In his poem “Sparrow Lament,” William Woolfitt alludes to Jesus’s three falls on his way to Golgotha: “You fall,” “You fall,” “You fall.” He uses a string of metaphors from the natural world for the falling Christ: He’s a sparrow bone (spat out by a predator?), a floating leaf, a shed bovine hair, a grain of wheat blown loose from its stalk. These are wistful images of solitariness, passage, decease—and yet the descriptor “God-eyed” indicates that the path Christ is on is governed by divine providence.

The sparrow reference, given further weight by its use in the poem’s title, evokes Jesus’s teaching in Matthew 10:28–31: “Do not fear those who kill the body but cannot kill the soul; rather, fear the one who can destroy both soul and body in hell. Are not two sparrows sold for a penny? Yet not one of them will fall to the ground apart from your Father. And even the hairs of your head are all counted. So do not be afraid; you are of more value than many sparrows.”

The Father has willed the Son to drink the bitter cup of suffering and death, which, despite Jesus’s distressed plea less than twenty-four hours prior that the cup be removed, he downs in trust, casting off any dreams he had for living into old age. As he carries out his calling, he stumbles, he falls to the ground—but not apart from the will of his Father.

In the middle of the poem, the lineation—the arrangement of words using lines and line breaks—mimics a downward motion. Like the drop of the storied widow’s coin into the offering box (Mark 12:41–44; Luke 21:1–4). Most biblical interpreters assume that Mary, Jesus’s mother, was a widow by the time Jesus started his ministry, since Joseph is never mentioned in any of the Gospel accounts after the episode of Jesus disappearing in the temple at age twelve. Woolfitt refers to Jesus as “widow’s all”—Mary’s everything, her firstborn son, whom she sacrificially gives to the world, knowing God will bless her gift. She doesn’t hoard this dear treasure of hers. She surrenders him to God’s greater plan.

It wasn’t an easy choice to make. Mothers instinctively want to hold on to their children, and tight. Many intrusively fear dropping them as infants and would do anything to spare them pain. Well, Mary drops her son, on purpose. She relinquishes him, “copper seed,” whose death bears fruit, yields dividends.

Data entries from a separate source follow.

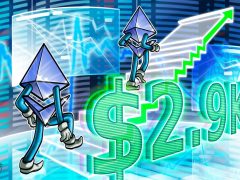 Trump’ın oğlu ETH’yi övdü, Ethereum 2.900 doları aştı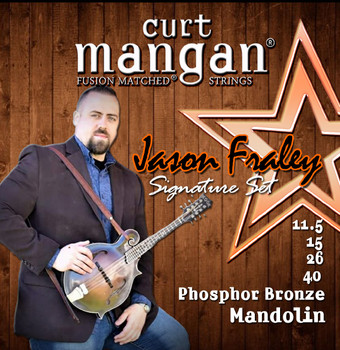 Jason Fraley 11.5-40 Mandolin PACK OF 3 Jason Fraley 11.5-40 Mandolin PACK OF 3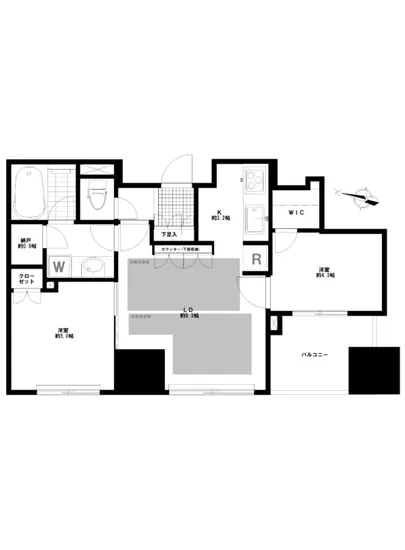 プラウド市谷柳町 604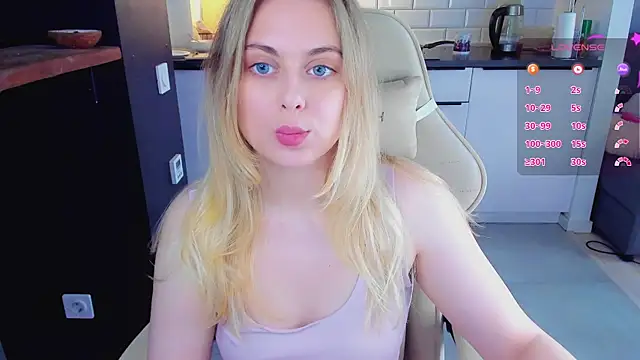 Chat XXX en directo de blonde_kellyy
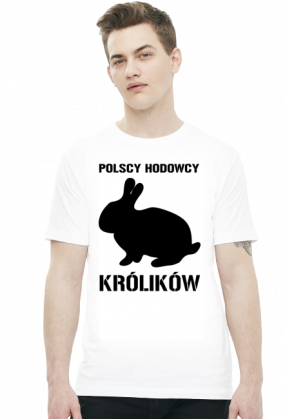 Koszulka męska Polscy Hodowcy Królików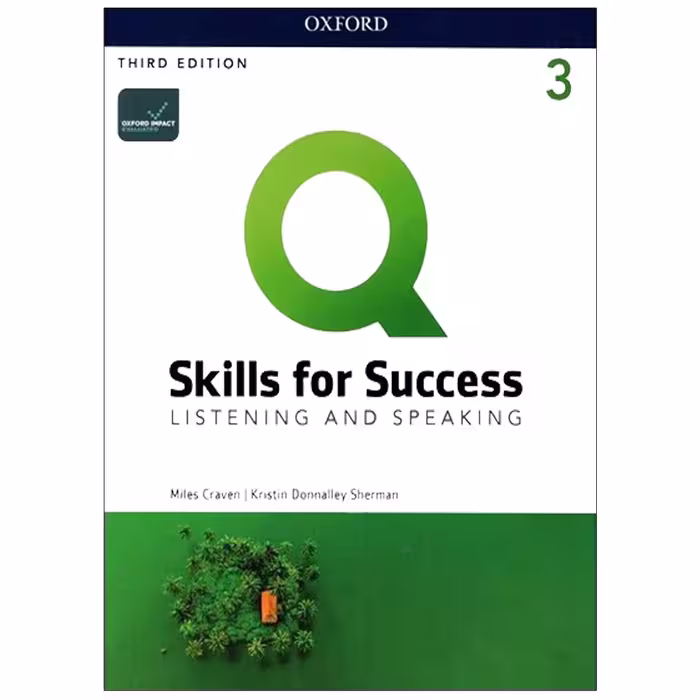 Q Skills for Success – Listening and Speaking 3 (3rd Edition)
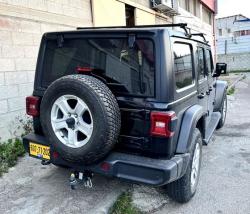 ג'יפ / Jeep רנגלר ארוך 4X4 Sport S אוט' 2.0 (272 כ''ס) ק'-2 בנזין 2021 למכ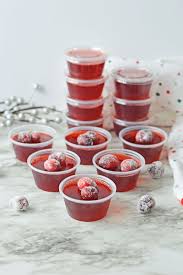 easy vodka cranberry jello shots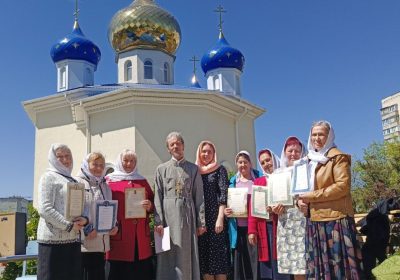 Православный женский день в посёлке Молодёжное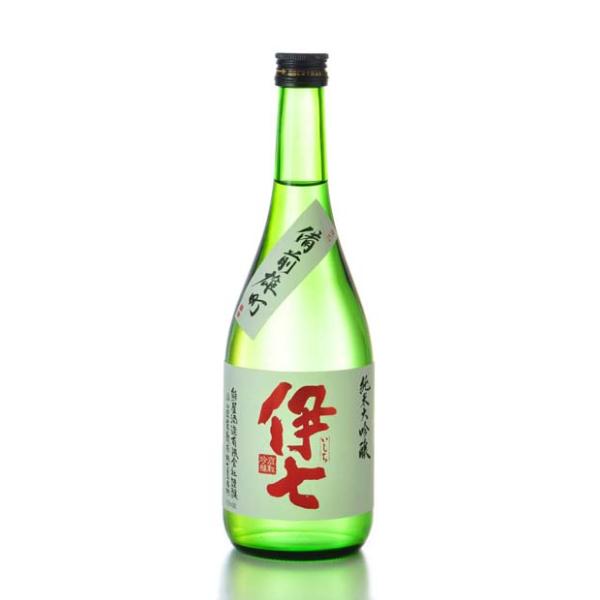 伊七 純米大吟 雄町 生酒 720ml : お酒のつなしま-有限会社綱島商店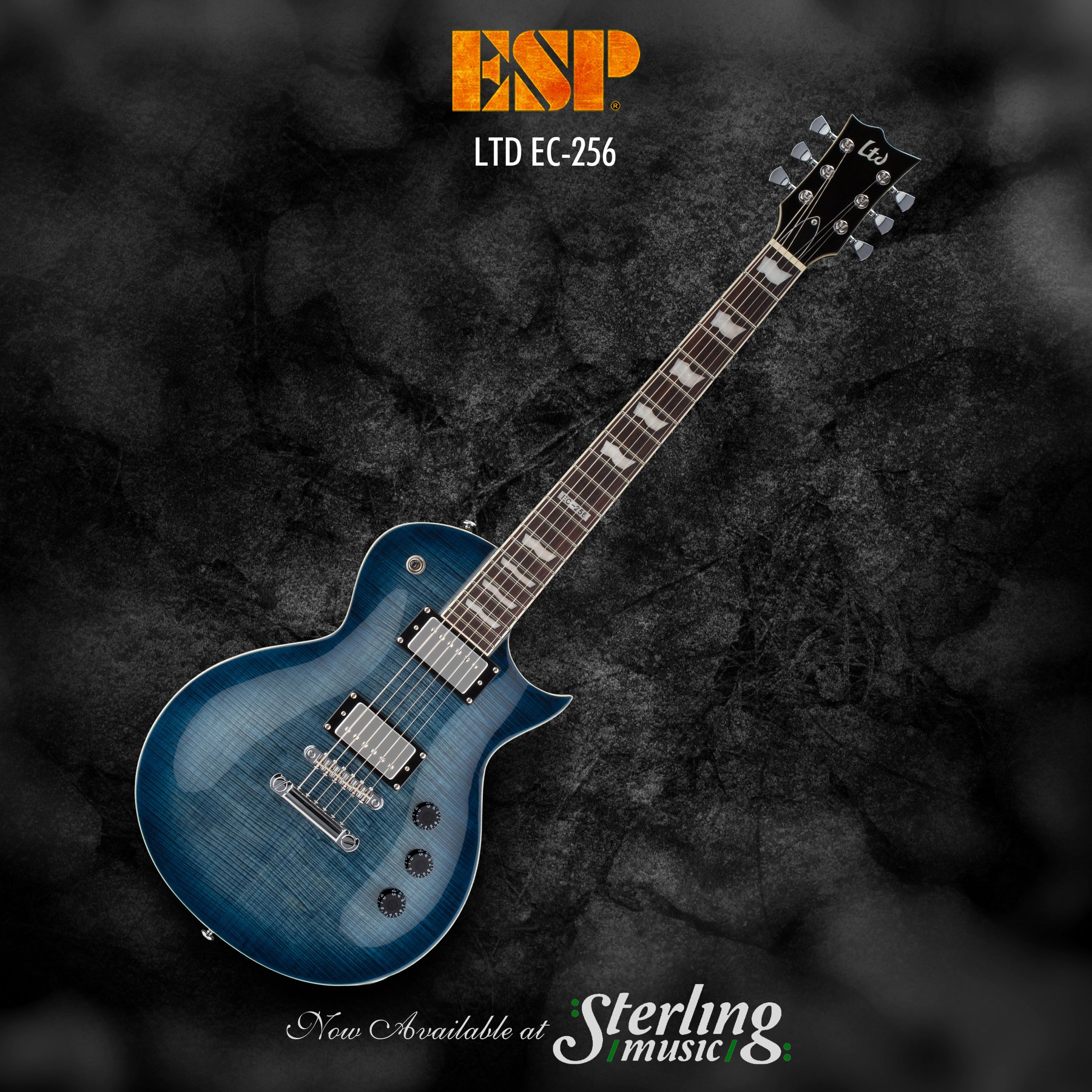 ESP LTD EC-256 Cobalt Blue MRP: Rs. 33725/- (in-store discounts 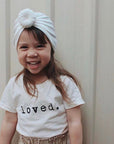 Loved Organic Kids T-shirt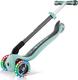 Globber самокат Go Up Deluxe Lights 5в1, колеса с подсветкой мятный 646-206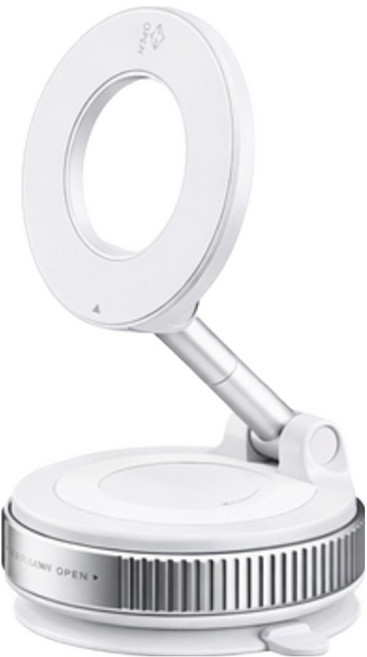 엠노블 앵커 맥세이프 거치대, 화이트, 1개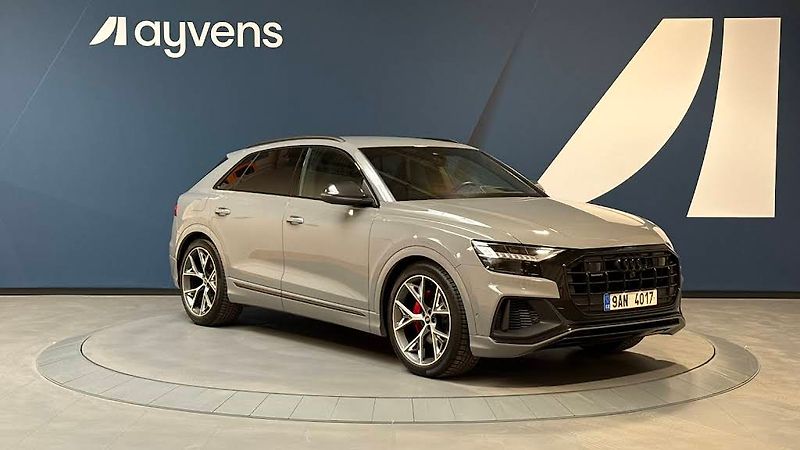 Audi Q8 3.0 55 TFSI quattro tiptronic - fotografie inzerátu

William Woolfitt is a writer across the genres of poetry, fiction, and essay. His poetry collections are The Night the Rain Had Nowhere to Go (Belle Point, 2024), Spring Up Everlasting (Mercer, 2020), Charles of the Desert (Paraclete, 2016), and Beauty Strip (Texas Review, 2014). He is an associate professor of creative writing at Lee University in Cleveland, Tennessee, where he lives with his wife and two children. He founded and edits Speaking of Marvels, a blog that features interviews with authors of chapbooks, novellas, and books of assorted lengths.

Roundup: Christ’s sacred wounds in art, poetry, and song

There are hundreds of creative works I could feature on the topic of Christ’s wounds. Here are just a few of note.

ARTICLE: “‘Your body is full of wounds’: references, social contexts and uses of the wounds of Christ in Late Medieval Europe” by Johanna Pollick, Emily Poore, Sophie Sexon, and Sara Stradal: In this three-part collaborative essay, I was most intrigued, in part because of its newness to me, by the first section, “The flowering wound: Christ’s heart in Princeton University, MS Taylor 17,” in which Dr. Johanna Pollick explores a small English illuminated devotional book, dating from around 1500, that portrays Christ’s wounds as wells. For help in interpreting these images, she turns to medieval literary traditions as well as to the Carthusian Miscellany.

Wounded Heart of Christ
Wounded Heart of Christ as the Well of Lyfe, England, ca. 1500. Princeton University Library, MS Taylor 17, fol. 10v.

Dr. Grace Hamman writes about MS Taylor 17’s extraordinary “well of lyfe” page in Jesus through Medieval Eyes (and for InterVarsity’s The Well), which is what brought me to this essay. The hand-colored image shows flowers—labeled “pyte” (pity), “loue” (love), and “charyte” (charity)—springing forth from the wounded heart of Jesus. The verse prayer at the top reads, “Well of lyfe that ever shall laste / My herte in thee make it stedfast.”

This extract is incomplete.